[Recorded information Boundary: Start]
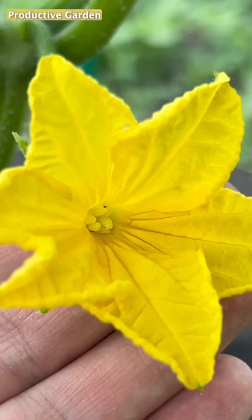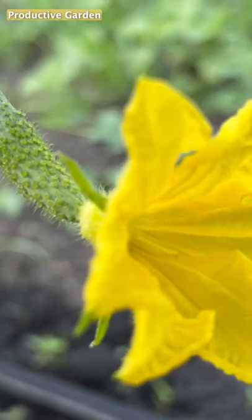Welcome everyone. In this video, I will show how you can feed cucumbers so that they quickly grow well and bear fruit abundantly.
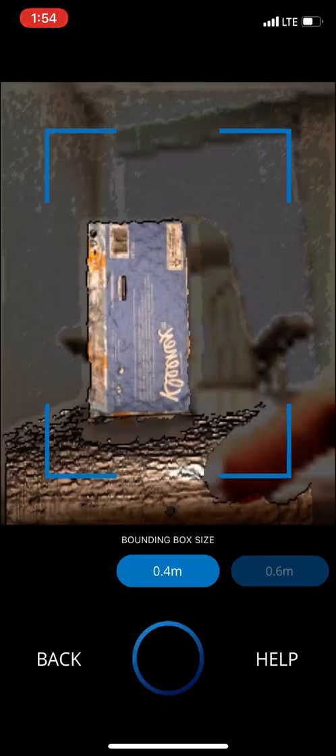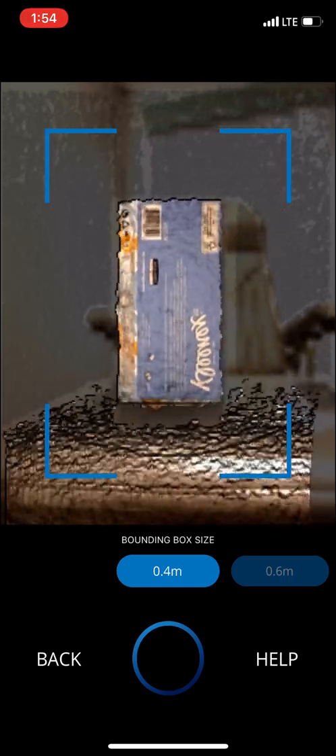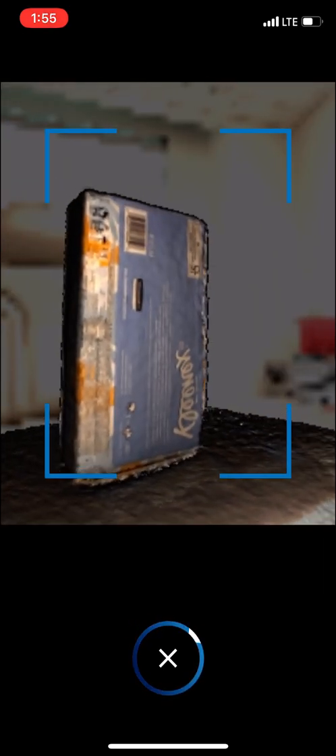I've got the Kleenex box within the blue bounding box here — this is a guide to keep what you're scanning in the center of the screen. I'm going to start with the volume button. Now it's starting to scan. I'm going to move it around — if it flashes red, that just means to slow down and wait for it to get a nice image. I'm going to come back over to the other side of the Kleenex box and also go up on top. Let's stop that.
[Recorded information Boundary: End]
[Recorded information Boundary: Start]
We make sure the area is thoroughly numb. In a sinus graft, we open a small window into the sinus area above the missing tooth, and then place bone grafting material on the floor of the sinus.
[Recorded information Boundary: End]
[Recorded information Boundary: Start]
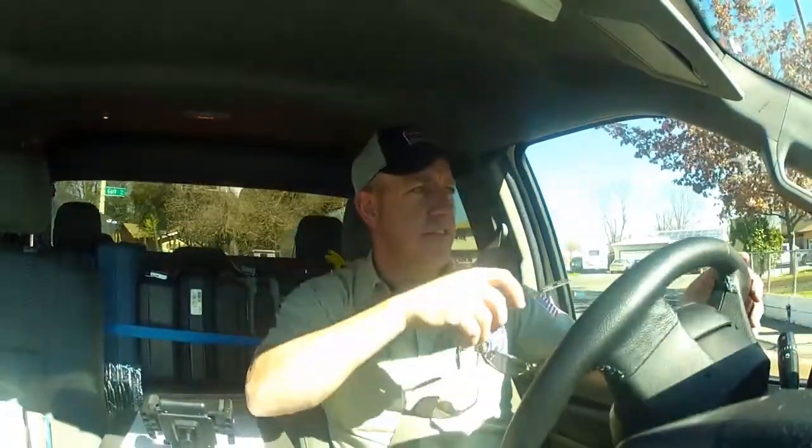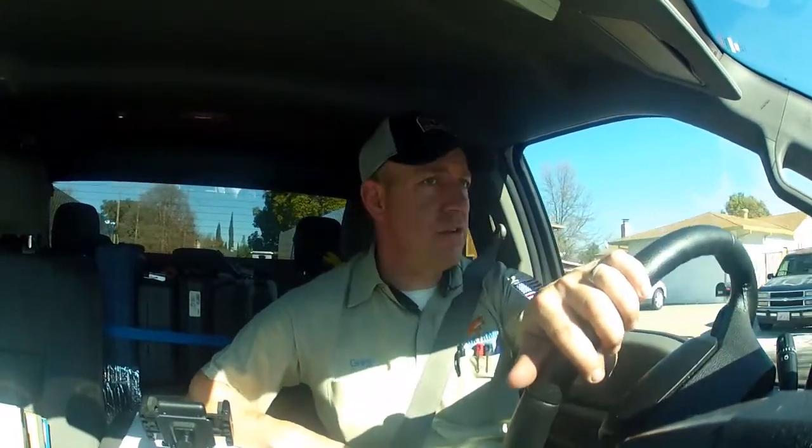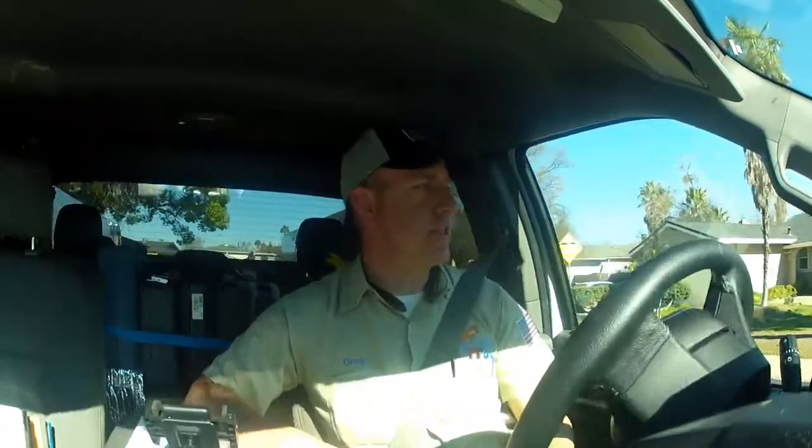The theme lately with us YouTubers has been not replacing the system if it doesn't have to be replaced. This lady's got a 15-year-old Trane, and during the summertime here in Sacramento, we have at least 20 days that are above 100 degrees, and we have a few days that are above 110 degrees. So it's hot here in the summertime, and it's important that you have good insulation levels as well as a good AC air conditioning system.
[Recorded information Boundary: End]
[What to produce] Everything above from the line containing "Welcome everyone. In" through the line containing "I've got the" must be repeated exactly, and the pictures must be left out.

[Output]
Welcome everyone. In this video, I will show how you can feed cucumbers so that they quickly grow well and bear fruit abundantly.
I've got the Kleenex box within the blue bounding box here — this is a guide to keep what you're scanning in the center of the screen. I'm going to start with the volume button. Now it's starting to scan. I'm going to move it around — if it flashes red, that just means to slow down and wait for it to get a nice image. I'm going to come back over to the other side of the Kleenex box and also go up on top. Let's stop that.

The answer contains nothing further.